Closed hamiltont closed 9 years ago

hamiltont commented 9 years ago

For example, the plaintext test runs at large concurrency and often causes servers to either completely a) hang or b) begin massively underperforming (but still responding to small checks, like curling the URLs). This causes big problems for other test types json,single,multiple,fortune, etc if plaintext is run first - all of the following tests either don't complete or have bad numbers.

This is a nasty issue because it's subtle to notice (no big errors), has major performance implications, and impacts TFB's ability to add future test types. Given that many of our tests intentionally push servers to failure, this is definitely a problem we want to solve categorically.

Only hard solution I see is to isolate tests from each other, such as turning our current pattern of this:

start_server --> db--> json --> plaintext --> fortune --> etc --> stop_server

into

start_server --> db --> stop_server --> start_server --> json --> stop_server --> etc

This allows us to use things like Benchmarker#__forciblyEndPortBoundProcesses to ensure the server is totally reset between each test. However, this would drastically increase the testing time

msmith-techempower commented 9 years ago

Additionally, __forciblyEndPortBoundProcesses doesn't seem to always succeed currently; we will rely on that before this next issue.

msmith-techempower commented 9 years ago

Ugh, more hell. Plaintext can reliably get otherwise reasonable frameworks to completely hang in amazing ways. bottle is the one I've been using to test, but basically we can never kill these processes because they do not have a PPID, so we have no idea if they should be terminate.

hamiltont commented 9 years ago

I think this is the right solution, and needs to be done between R10 and R11. Let's be clear -- testrunner is not the fundamental reason this is a solution -- the fundamental thing testrunner account would do is remove the ability for frameworks to use sudo. If frameworks could still use sudo inside the testrunner account, then this new user account won't solve many of the the problems we are having. If frameworks cannot use sudo inside testrunner we will suddenly see lots of frameworks failing to run. This will be a huge PITA to fix, but I truly hope that every framework we test can be launched without requiring sudo (if one cannot, should we exclude them?)

If frameworks cannot use sudo, then most of the methods we've proposed or tried (recursively search ppid, putting them inside a different user account so we can track processes, searching for processes bound to ports that should be open, etc) would work reliably. But we do need a different account to do this, because TFB needs to run with permissions to install software

hamiltont commented 9 years ago

Thought about this some more.

FYI the precise problem is here - we run test after test against a framework without restarting the framework in between.

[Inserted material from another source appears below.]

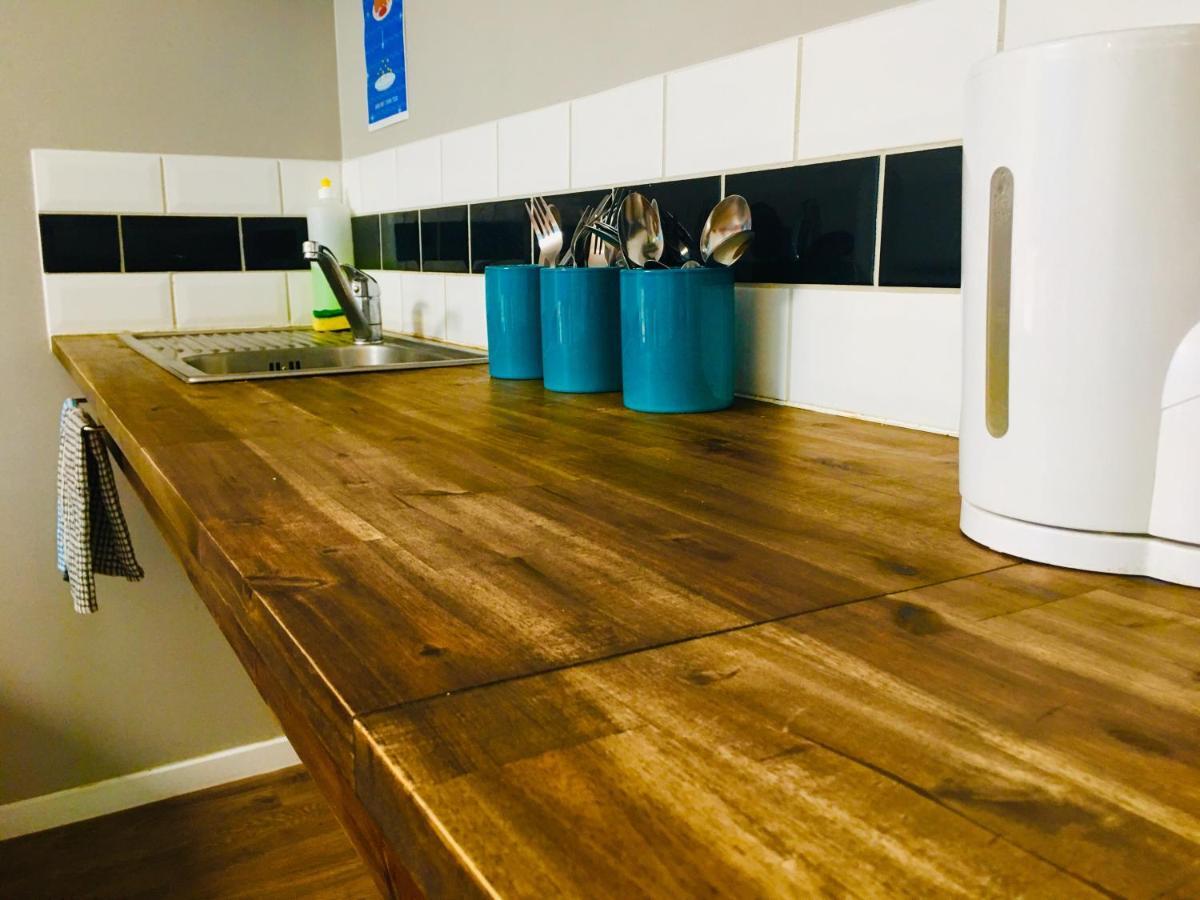 Grafton Backpackers Hostel Оукланд Екстериор снимка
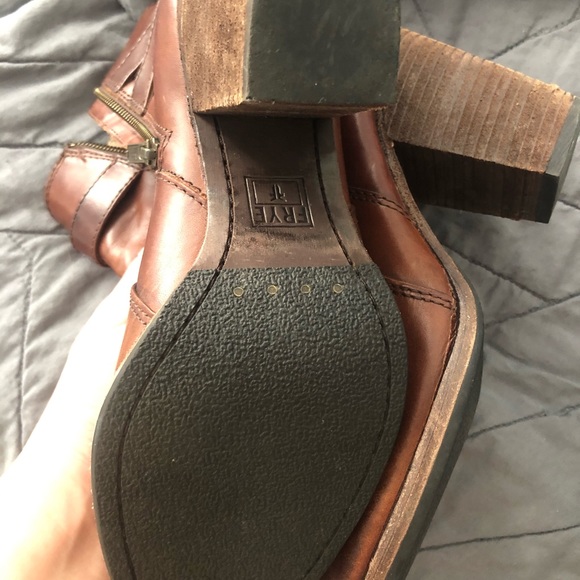 Frye Patty Leather Riding Bootie in Camel - Picture 5 of 6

I'd expect that changing the order of the tests could result in substantial differences for some underperforming frameworks. This is obviously an issue with those frameworks - if a framework starts to underperform after experiencing a period of heavy load, that's a huge problem.

We could help frameworks avoid this challenge by restarting the framework in between each test time, although this would increase our total benchmark running time from 1 day to 6 days.

Conclusion: This isn't TFB's battle, and if a framework starts to fail after experiencing load that is something that should be reflected in the results. I vote to close this issue as wontfix. Thoughts?

msmith-techempower commented 9 years ago

Ugh... this again.

There are two prevailing schools of thought on the issue I mentioned above (plaintext can reliably get otherwise reasonable frameworks to completely hang in amazing ways):

  1. Nuke everything between test iterations (there are essentially 5 plaintexts run, 5 dbs, etc at different concurrencies) and reissue another small priming run before each iteration.
  2. It's at the fault of the framework/stack author, and they should resolve it.

There are MANY problems with the first, but they almost entirely boil down to "more work for TE et al" whereas the problems with the second are many and unfair. For instance, many of the Python frameworks which suffer from this problem do not seem to be stuck in actual framework code, but rather somewhere in the netstack in a Python library. While this does show a limitation of choosing such a framework, it's ultimately something in the stack outside the control of the author... and I feel like punishing the framework for a shortcoming of the language is rather punitive.

That said, it is somewhat infeasible for us to run rounds if they they take 6 days to complete. We cannot justify the cost of running Amazon EC2 instances for that long on this type of project (currently, we spin them up for the first preview and the final run, then immediately shut them down once we've captured their logs).

Sigh.

Let's remember this issue exists for future discussions on the matter, but I'm inclined to agree with @hamiltont; let's close it as wontfix for now.